Client IP address-based log query and analysis

The warn_ip field in a logon log entry indicates the source IP address of the logon.

  • Source country distribution of logons

    Query the distribution of the source countries from which users log on to a server. Example:

    __topic__: aegis-log-login and uuid: 12344567
    | SELECT ip_to_country(warn_ip) as country,
    count(1) as "Number of logons"
    group by country

    In this example, the ip_to_country function is used to retrieve the country that corresponds to warn_ip, which specifies the source IP address of the logon.
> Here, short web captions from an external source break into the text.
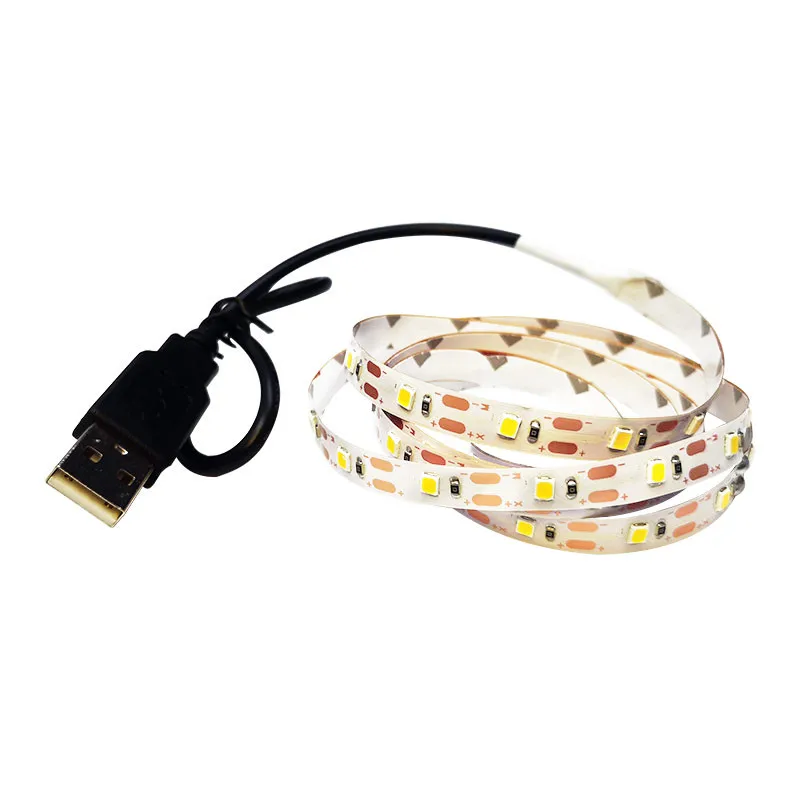 5V Светодиодные ленты USB 2835 ТВ задняя светильник 50 см 1 м 2 3 4 5 ing с блок пультом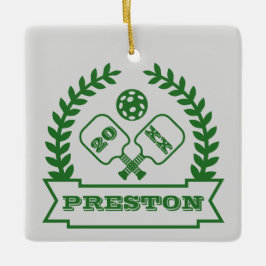 ピックルカスタムボールの年と名前 セラミックオーナメント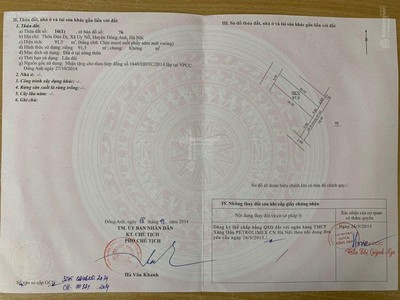 Tôi chính chủ bán nhà đất diện tích 90,3m trung tâm phố đản dị, uy nỗ, đông anh, hà nội. 1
    Source country distribution of logons
    The following figure shows the distribution by using the world map. World map display
  • Identity distribution of logons
    Use the ip_to_province function to retrieve a more detailed distribution of logons based on provinces. Example:
    __topic__: aegis-log-login and uuid: 12344567
    | SELECT ip_to_province(warn_ip) as province,
             count(1) as "Number of logons"
             group by province

    In this example, the ip_to_province function is used to retrieve the source province to which an IP address belongs. If the IP address is not from China, the system attempts to convert it to the province or state based on the country location of the IP address. However, if you select the China map, the province or state cannot be displayed.
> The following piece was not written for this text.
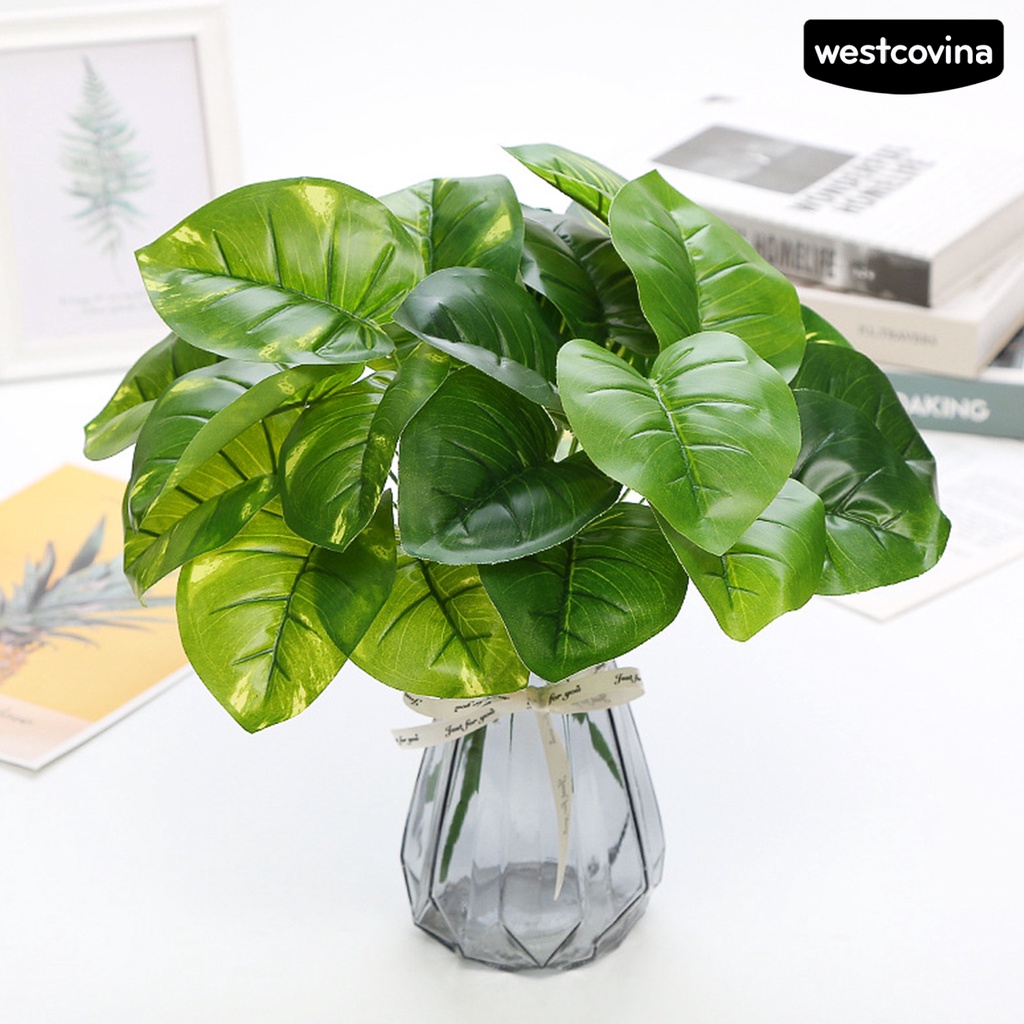 [WEST]⚘Cây Cảnh Nhân Tạo Sống Động Không Phai Màu Dễ Dàng Chăm Sóc Trang Trí Tường DIY Lưng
    Identity distribution of logons
    The following figure shows the distribution by using the China map. China map display
  • Geothermal distribution of logons

    Use the ip_to_geo function to retrieve the geothermal distribution of logons:

    __topic__: aegis-log-login and uuid: 12344567
    | SELECT ip_to_geo(warn_ip) as geo,
             count(1) as "Number of logons"
             group by geo
             limit 10000

    In this example, the ip_to_geo function is used to retrieve the latitude and longitude of an IP address. LIMIT is set to 10000 to retrieve the first 10,000 log entries.

    Geothermal distribution of logons

    The following figure shows the distribution by using AutoMap.

    AutoMap display
    Note For more information about IP address-based features, see IP functions. For example, you can use the ip_to_provider function to obtain the provider of IP addresses and the ip_to_domain function to determine whether an IP address is public or private.